Taxonomy, metabolite diversity and antimicrobial activity of Tectaria coadunata (J.Sm.) C.Chr. fungal endophytes

Abstract

Endophytic fungi profoundly influence plant physiology and chemical ecology, yet their integrated functional roles remain underexplored, especially in ferns. Here, we reveal that Tectaria coadunata (J.Sm.) C.Chr. harbours a taxonomically rich and metabolically active endophytic mycobiome comprising ten genera with distinct ecological and evolutionary lineages. Morphological diagnostics combined with multilocus phylogenetics resolved all isolates with high confidence, delineating well-supported clades across Aspergillus, Calonectria, Diaporthe, Fusarium, Macrophomina, Neurospora, Nigrospora, Penicillium, Rhizoctonia, and Xylaria. LC-Q-TOF-MS/MS profiling uncovered extensive metabolic cross-communication between the host plant and endophytes. Nine phytochemicals previously attributed to T. coadunata were also present in fungal endophytes, while eleven additional metabolites, including potent polyketides, mellein, and mycotoxins were exclusively endophytic. Multivariate and network analyses revealed distinct chemical profiles among different fungal isolates and coordinated biosynthetic modules, underscoring functional heterogeneity of the community.
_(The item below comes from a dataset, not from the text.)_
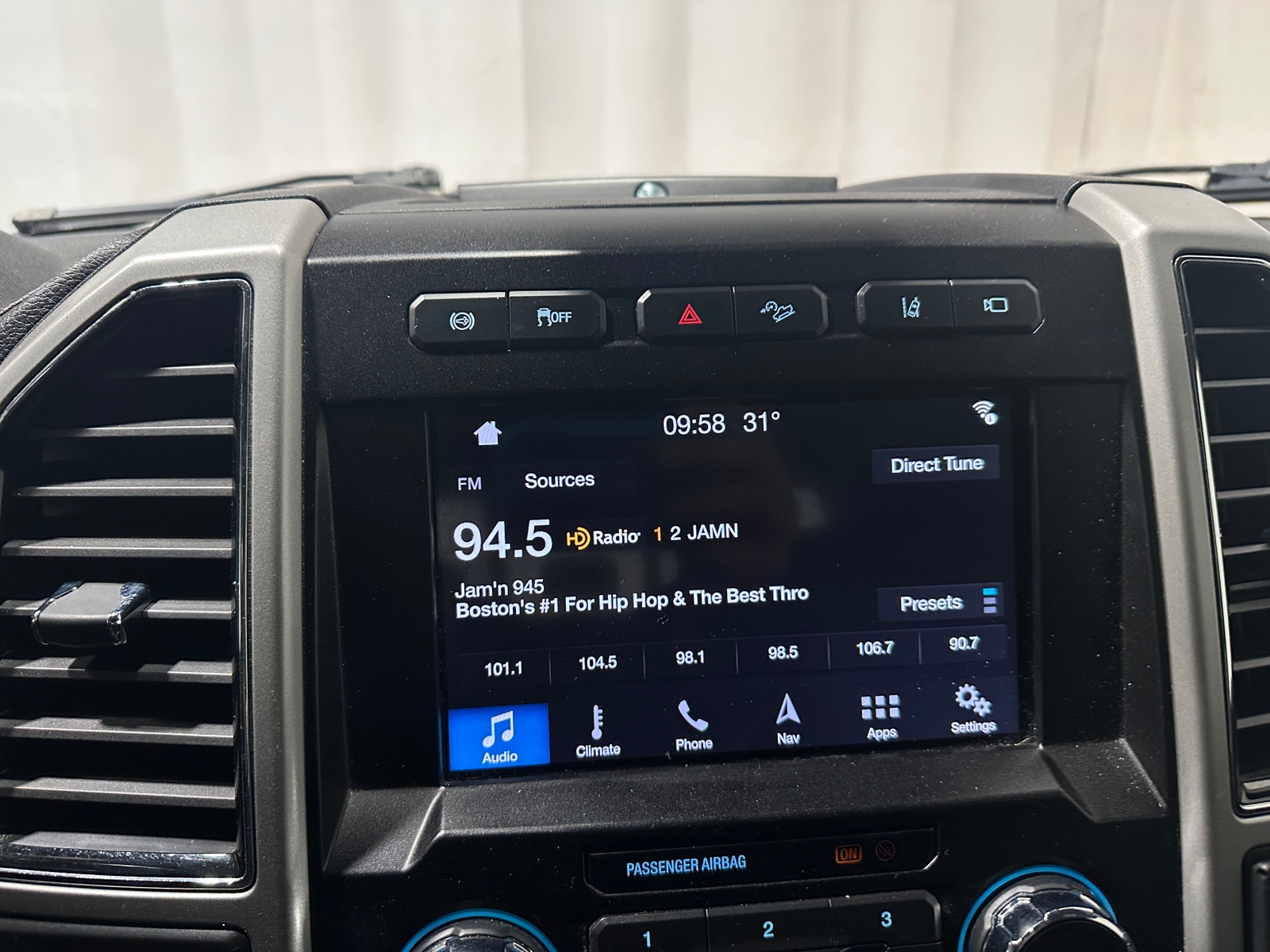 Thumbnail: 2019 Ford Econoline - 3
All isolates exhibited antimicrobial activity, but Xylaria grammica had the least minimum inhibitory concentration of 15.63 µg/mL against Bacillus subtilis and methicillin-resistant Staphylococcus aureus. This pronounced activity, coupled with its broad-spectrum inhibition, positions X. grammica as a promising reservoir of pharmaceutically relevant molecules. Collectively, our findings establish T. coadunata as a reservoir of phylogenetically diverse, chemically productive, and bioactive endophytes. These combined taxonomic, metabolomic, and functional insights into endophytes from T. coadunata open new avenues for potential applications across various fields.